C’est pourquoi la NAV ne relaie pas officiellement l’appel au boycott. « La solution doit venir de l’extérieur », indique l’association, qui a mené des discussions avec le BAU avant de conclure qu’une réforme interne n’était plus réaliste. Elle plaide désormais pour une modification législative sous l’égide de la ministre Eléonore Simonet (MR), qui a déjà indiqué « ne pas hésiter à prendre des mesures supplémentaires » si l’Ordre ne rétablit pas la situation de lui-même (De Morgen, 28 février 2025).

Perte de confiance et vieux réflexes

Le fait que la hausse de cotisation ait surtout visé les sociétés et non les membres individuels n’a, selon la NAV, rien changé à la rupture de confiance avec l’Ordre. L’organisation souligne que de nombreux architectes ont le sentiment que leur argent est absorbé par une structure lourde, sans solutions aux problèmes de fond.

Paulien Gekiere met aussi en lumière un autre point sensible : l’Ordre ne reflèterait pas la réalité du métier. « Nous avons la population d’architectes la plus jeune et la plus féminine d’Europe, mais cela ne se voit pas dans la composition des mandataires », dit-elle. Selon BAU, cette absence de représentation freine toute tentative de réforme et isole davantage l’Ordre des réalités du terrain.

Entre espoir et implosion

Peut-il sortir quelque chose de constructif de ce chaos ? Rien n’est moins sûr. Depuis le départ du président et du vice-président, il n’y a même plus de Conseil flamand pour ouvrir le dialogue.

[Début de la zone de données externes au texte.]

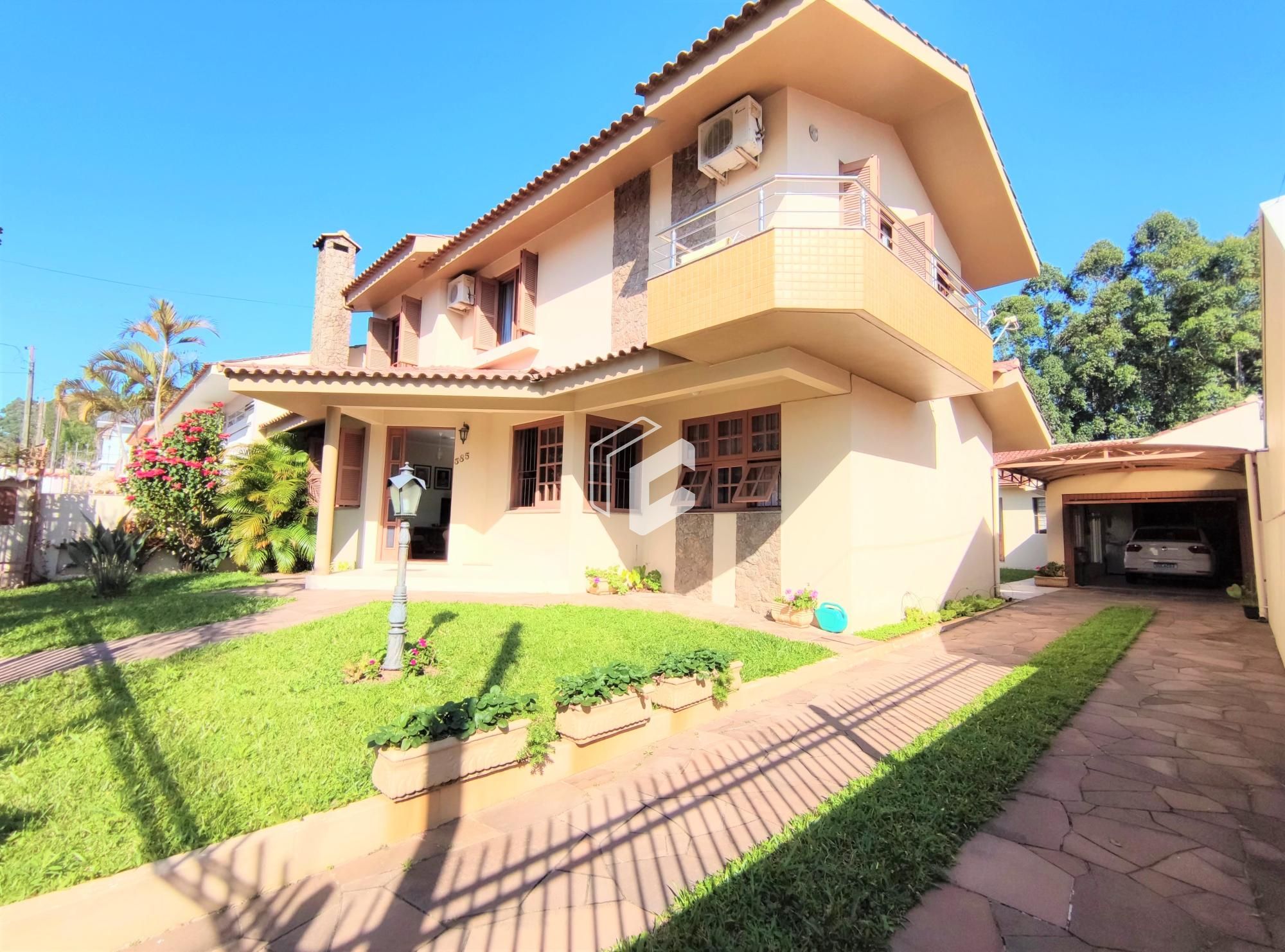 Casa, 4 quartos, 231 m² - Foto 1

Pour les critiques, ce n’est pas une phase transitoire, mais le symptôme d’une organisation qui a depuis longtemps abandonné ses missions essentielles et n’avance plus. « Ce n’est pas juste une mauvaise passe », a déclaré Paulien Gekiere. « Cela fait longtemps que l’on constate que l’organisation ne fonctionne plus » (De Morgen, 1er juillet 2025).

Pour Emile Van Opbroeck, qui conteste sa cotisation, le contraste est saisissant : « Le paiement est obligatoire, mais on ne reçoit rien en retour. » Enfin, même la NAV n’y croit plus. L’association professionnelle affirme sans détour que l’Ordre est désormais incapable de se réformer lui-même, et qu’une refonte en profondeur de sa mission et de sa structure est inévitable. En attendant cette réforme, il risque de continuer à négliger ses tâches fondamentales et à perdre le dernier reste de sa crédibilité.